Method and apparatus for analyzing program execution path

1. Field of the Invention

The present invention relates to technologies of analyzing execution paths of specific data processed by communication software.

Priority is claimed on Japanese Patent Application No. 2008-108954, filed Apr. 18, 2008, the content of which is incorporated herein by reference.

2. Description of the Related Art

Conventionally, technologies of analyzing program execution paths have been proposed for analyzing causes of program malfunctions or collecting information for performance optimization (see, for example, Japanese Unexamined Patent Application, Fast Publication Nos. 2002-078200 and 2007-328597).

One method of analyzing software execution paths in a communication device is explained hereinafter. In general, software includes data and programs, and a command (probe) is inserted into a certain position of a program so that an event caused upon executing the command is recorded. Hereinafter, the process of recording an event upon executing a program is called “execution probe”.

A probe is inserted into a program at a position targeted for recording, execution records are collected by executing the program, and thereby execution paths are analyzed based on the execution records. Information to be recorded by the probe typically includes, for example, a position in a source code, the execution time specified by a clock or a clock cycle counter of a CPU (Central Processing Unit), and the value of an important parameter.

As the most primitive means, “printf( )” implements a probe by, for example, displaying execution records on a system console or recording events in the system log. Since printf includes conversion into character strings which causes high execution costs, a buffer for recording is provided in an advanced analysis method so that recorded data is stored in the buffer and read out after execution of a program, thereby efficiently implementing the probe.

If a probe process is complicated, the following methods are used. The first one is to directly insert a command into a target program at a recording point and execute the command. The second one is to prepare an execution probe as a subroutine and insert a code to invoke the subroutine into a target program at a recording point. The third one is to transfer control to a subroutine without changing a target program using debugging (such as a break point) of a CPU.

Execution records in the above methods have the following formats.

Identifier 1 of execution point: execution record information 1 (such as a value of a time or a parameter)

Identifier 2 of execution point: execution record information 2 (such as a value of a time or a parameter)

A stack trace is a method of efficiently collecting execution records by a few execution probes. If one routine calls another routine, an argument, a return address, or the like is stacked according to the order of nests of a call command. If these pieces of information are recorded in an execution probe, execution records by routines not including an execution probe, such as a call flow or an argument, can also be obtained.
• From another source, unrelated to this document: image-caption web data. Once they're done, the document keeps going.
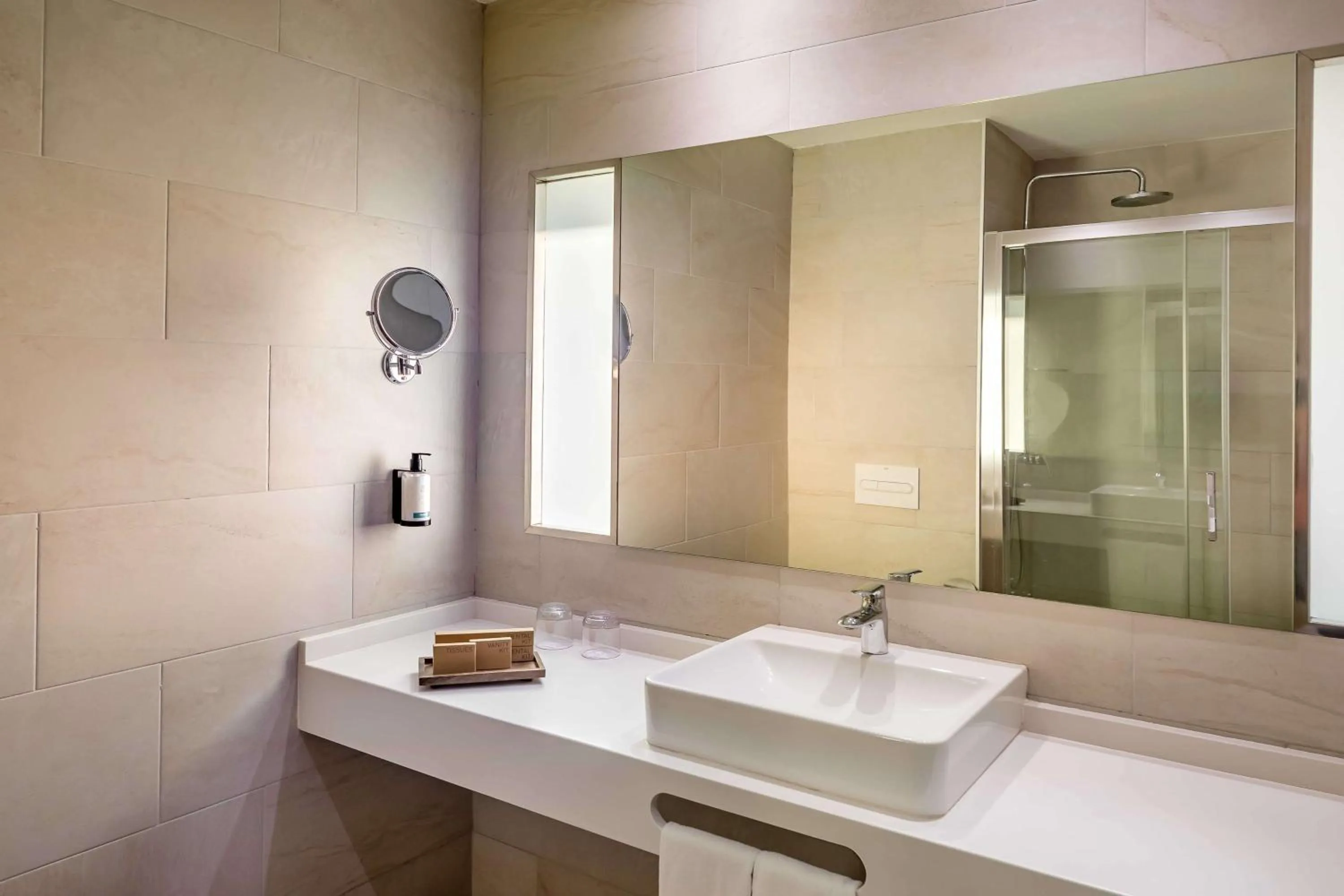 Bathroom in Occidental Fuengirola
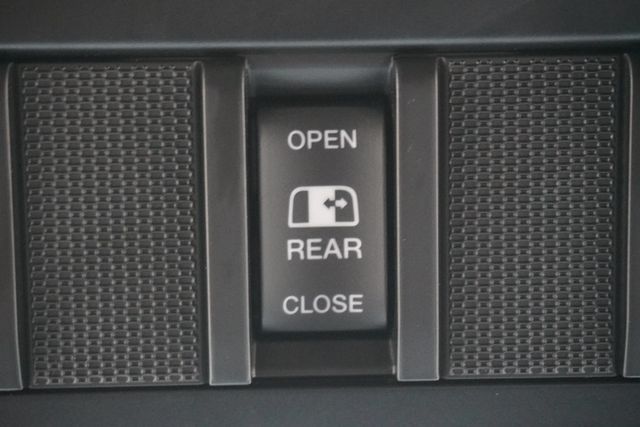 2020 Ram 2500 Tradesman 4x4 Crew Cab 6'4" Box - 22929815 - 16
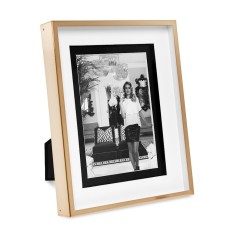 Foto üçün çərçivə Eichholtz 109726 Picture Frame Gramercy L rose gold finish 20.5x26 sm,şüşənin qalınlığı 1.7 sm,çəhrayı qızıl işləmə,şəffaf şüşə
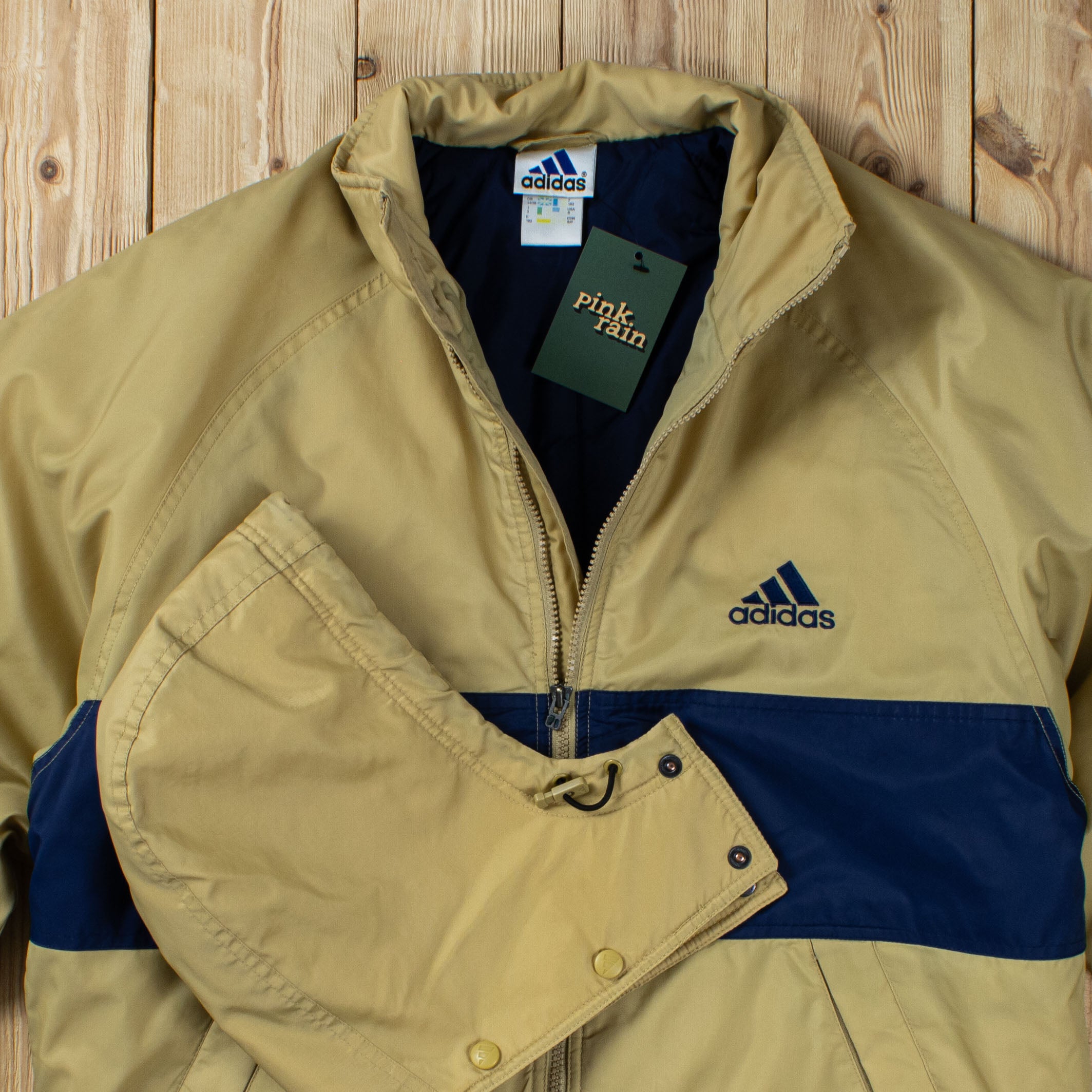 (M/L) Vintage Adidas Embroidered Puffer Jacket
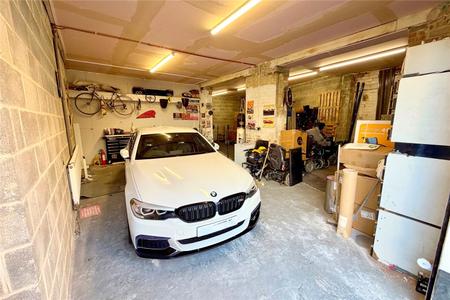 Garage (2)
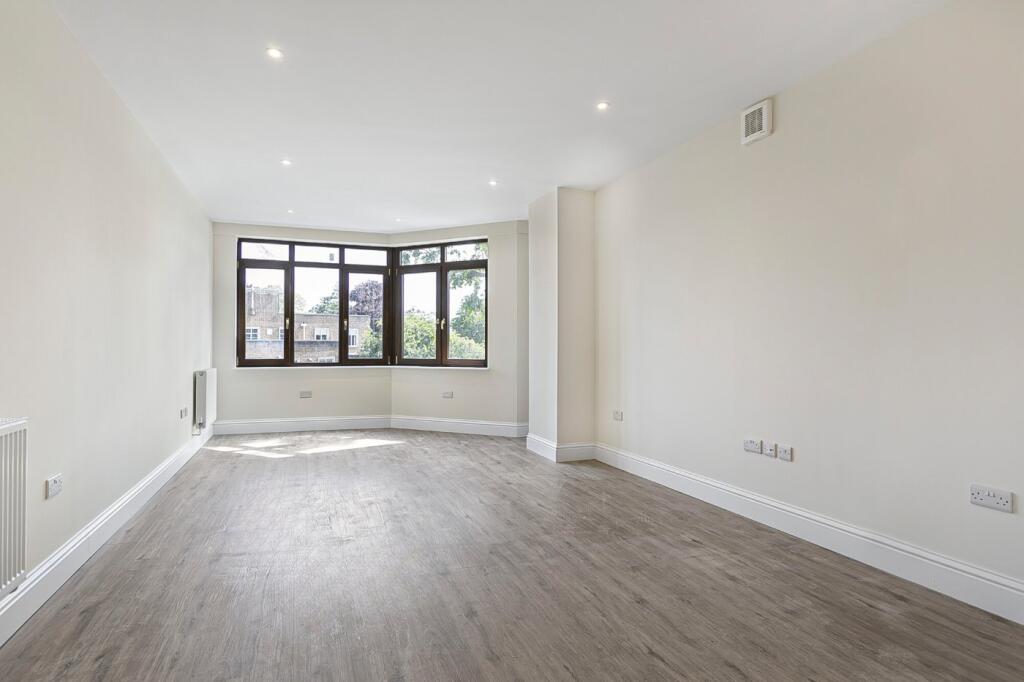 Main image of property: Flat 5 Arianna Apartments, 3 Beckenham Road, Beckenham, Kent, BR3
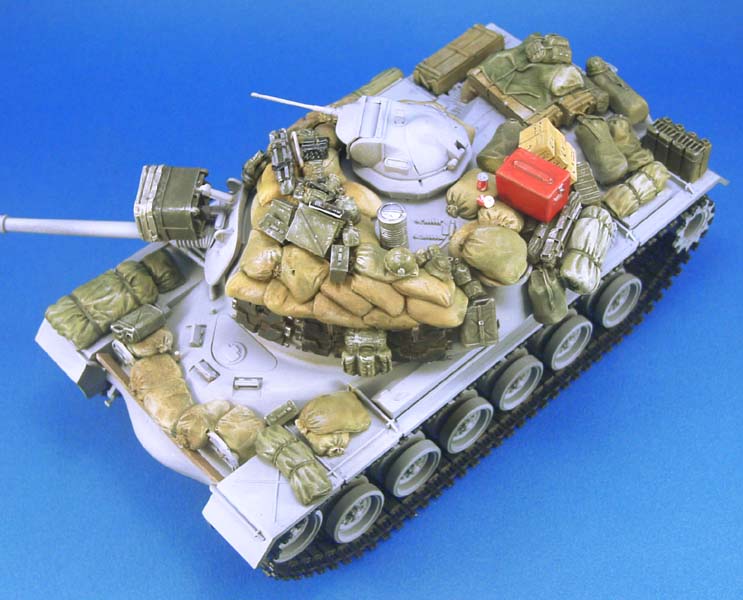 1/35 越战美国 M48A3 巴顿中型坦克堆积物与沙包装甲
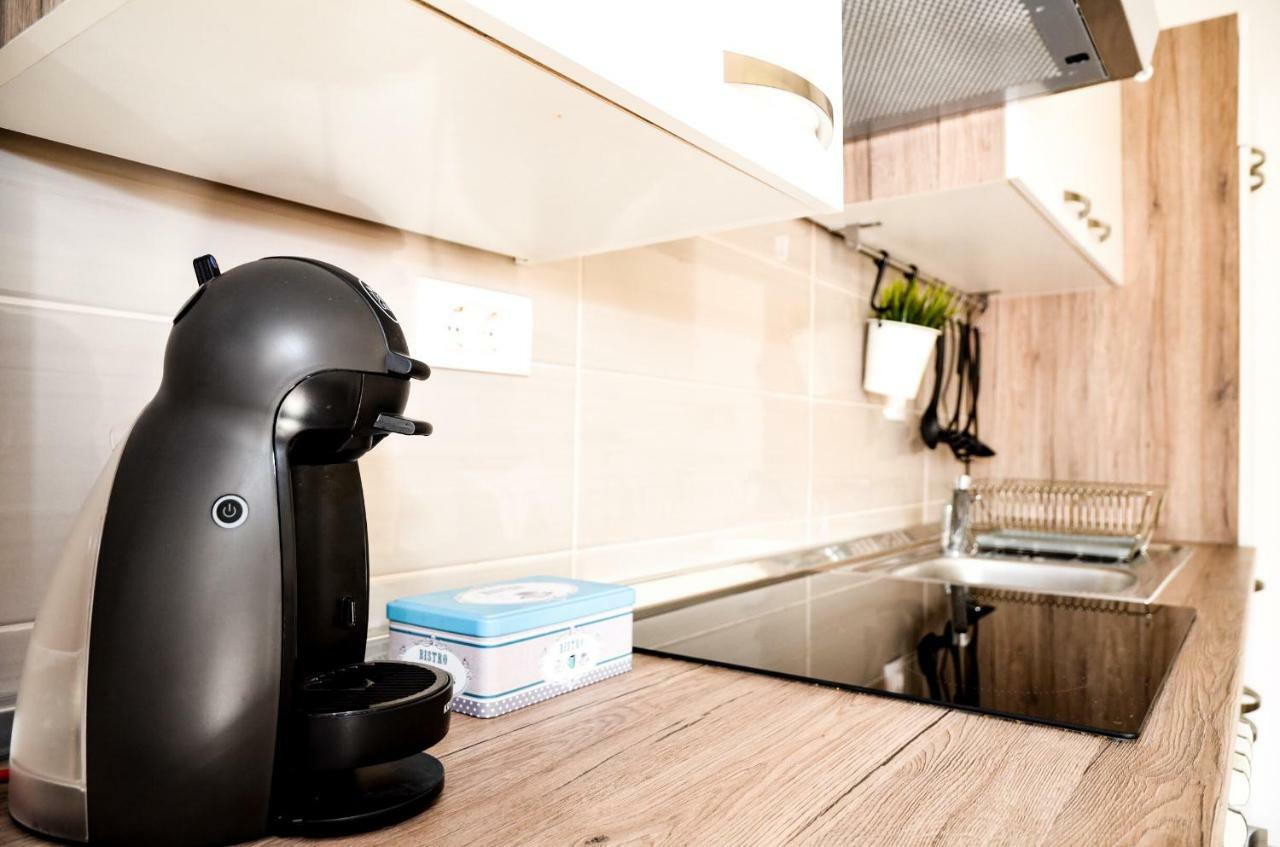Marazul Apartments Povljana Ngoại thất bức ảnh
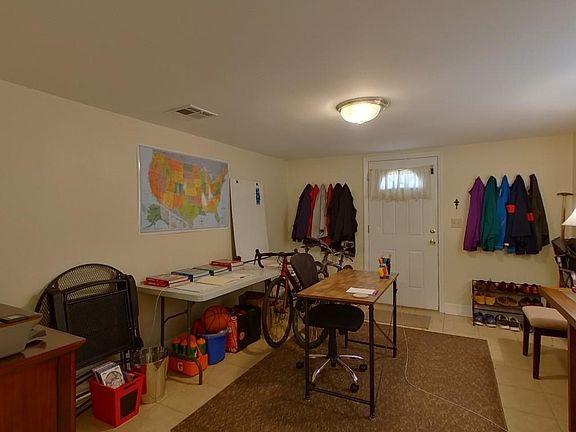 4th image of 917 Soniat St #B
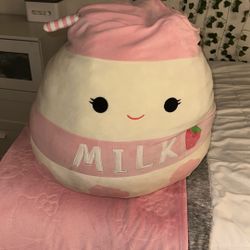Big Strawberry Milk Squish mellow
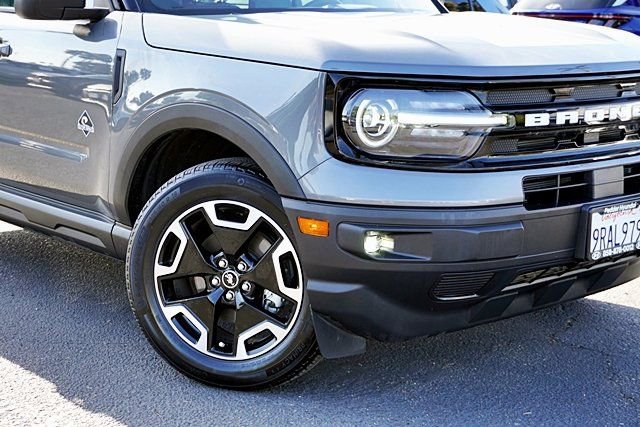 Used 2024 Ford Bronco Sport Outer Banks w/ Tech Package AWD/4WD image 4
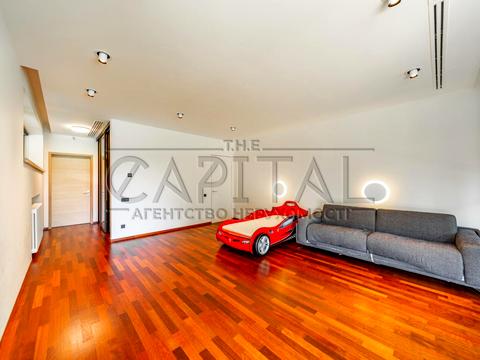 будинок за адресою Набережна вул.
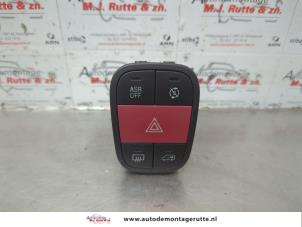 O180556 Gebruikte paniekverlichtings schakelaar Peugeot Bipper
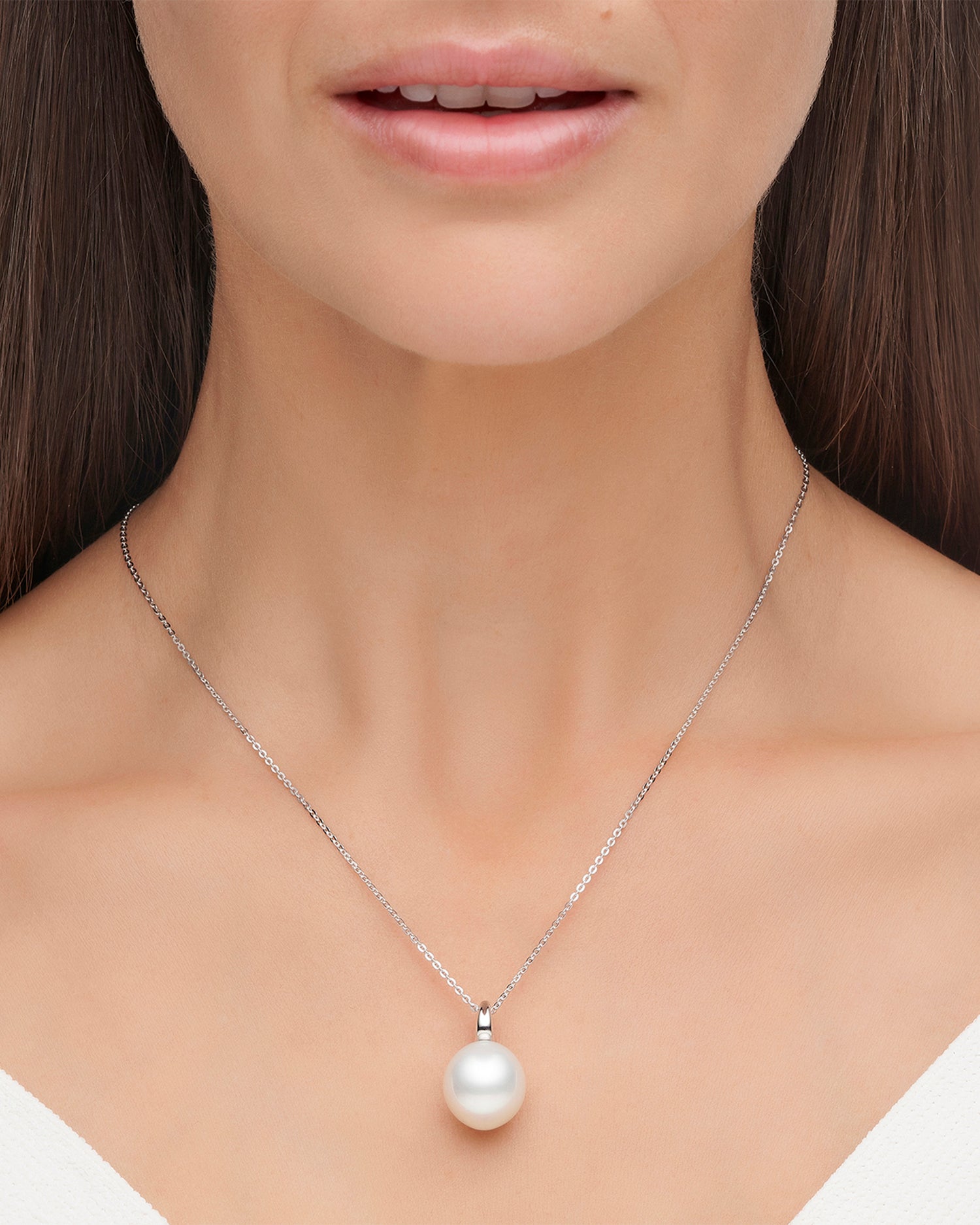 Bianca Pearl Pendant | 14mm Oval Pearl and White Gold 3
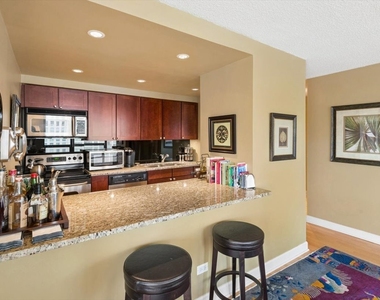 30 E Huron Street - Photo Thumbnail 3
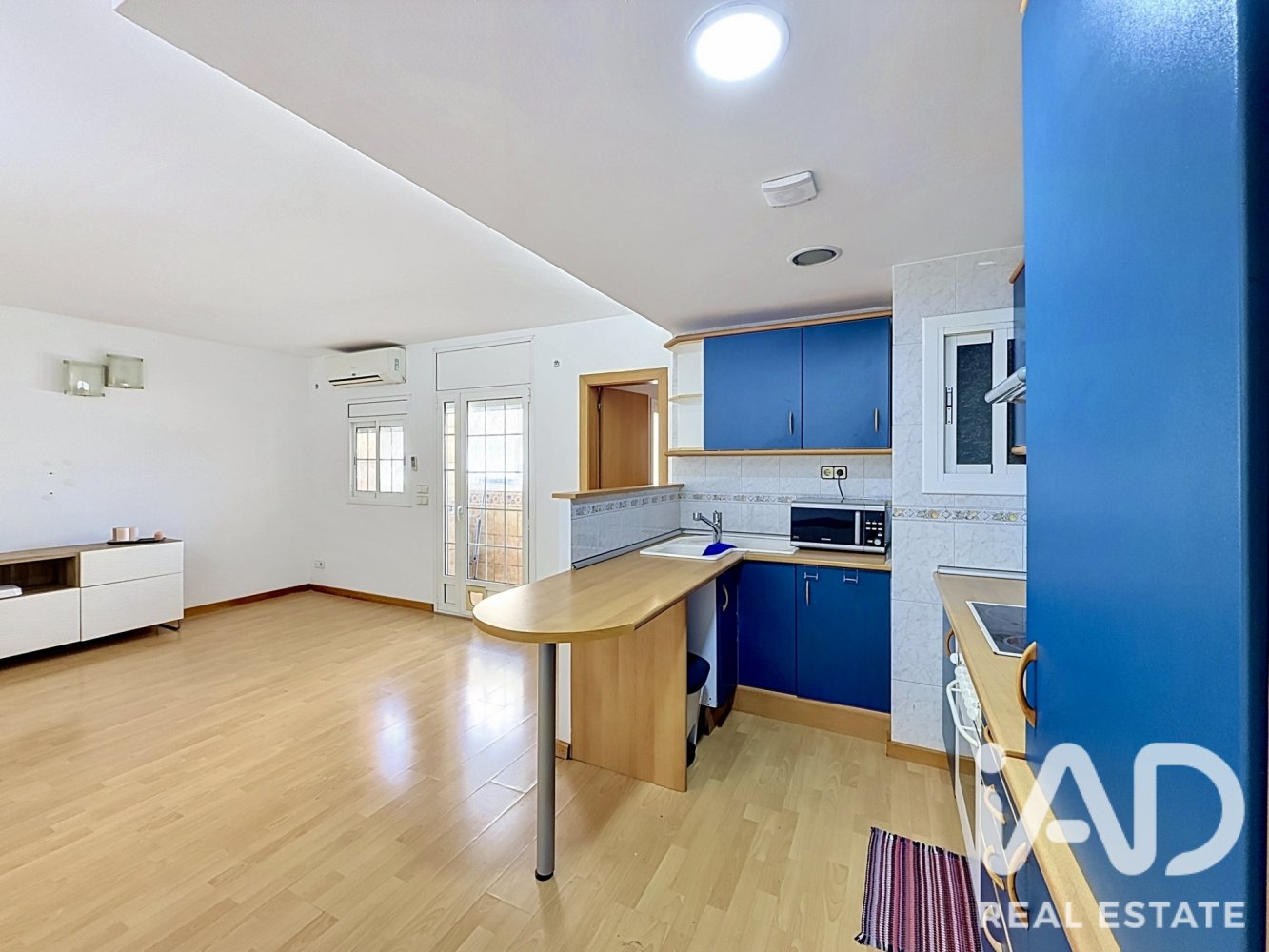 Apartment à Cornella De Llobregat, Barcelona, Espagne 2 chambres, 79 m2 No. 198633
If information to be recorded differs at each execution point, different subroutines of an execution probe may be used. If the same information is to be recorded at each execution point, a single subroutine may be shared.

Here, these execution path analysis methods are assumed to be applied to communication software. Generally, communication software is implemented as a program for transmitting and receiving data between an application program and an opposing device through a transmission path based on a given protocol. In current communication software, such as TCP/IP, multiple protocols are conceptually stacked in layers, as shown in FIG. 14. In other words, an Ethernet (registered trademark) driver 1, a Firewire driver 2, a PPP driver 3, and a Loopback driver 4 are included in the lowest layer. A network interface 5, an ARP 6, an IPv4 7, an IPv6 8, an ICMPv4 9, a UDP 10, a TCP 11, an ICMPv6 12, a socket API 13, an application 14, and the like are included in the higher layers.

FIG. 15 illustrates a TCP/IP stack in BSD/OS as a more specific example. The configuration of UDP reception processing is shown between dashed lines. Communication data passes through programs of IPv4, UDP, and Socket API between a transmission path and an application.

In analysis of communication processing, a function of a specific protocol is focused in some case, and specific communication data is focused in another case. For example, a source of transmission delay can be found by analyzing when and by which module data included in a specific received packet is processed.

However, the conventional execution path analysis methods have the following problems.

Execution records of non-targeted data occur when the non-targeted data is processed by a probe. Accordingly, information concerning which data is currently processed has to be recorded point by point to obtain execution records of the targeted data, thereby causing higher costs for generating a program for the recording. If targeted data is encoded, it is impossible to identify whether or not the encoded data is targeted data, later.

Here, the following conditions of target data are assumed. The number of the transport protocol is assumed to be 6 (TCP). The destination port number of the transport protocol is assumed to be 5013. The destination IP address is assumed to be 192.168.1.15. The processing requirements for the Network Layer are assumed that ESP encapsulation is executed and a destination IP address of an outer header is 133.201.5.15.

Only the data satisfying these conditions is targeted for an execution path analysis. However, whether or not a reception packet satisfies the conditions cannot be determined in, for example, an IP reception process since ESP encapsulation has to be performed on every packet and conditions of the encapsulated packet are specified.

In this case, only the conditions that ESP encapsulation is executed and the destination IP address of an outer header is 133.201.5.15 can be determined. Accordingly, execution records of packets satisfying the conditions have to always be stored by execution probes.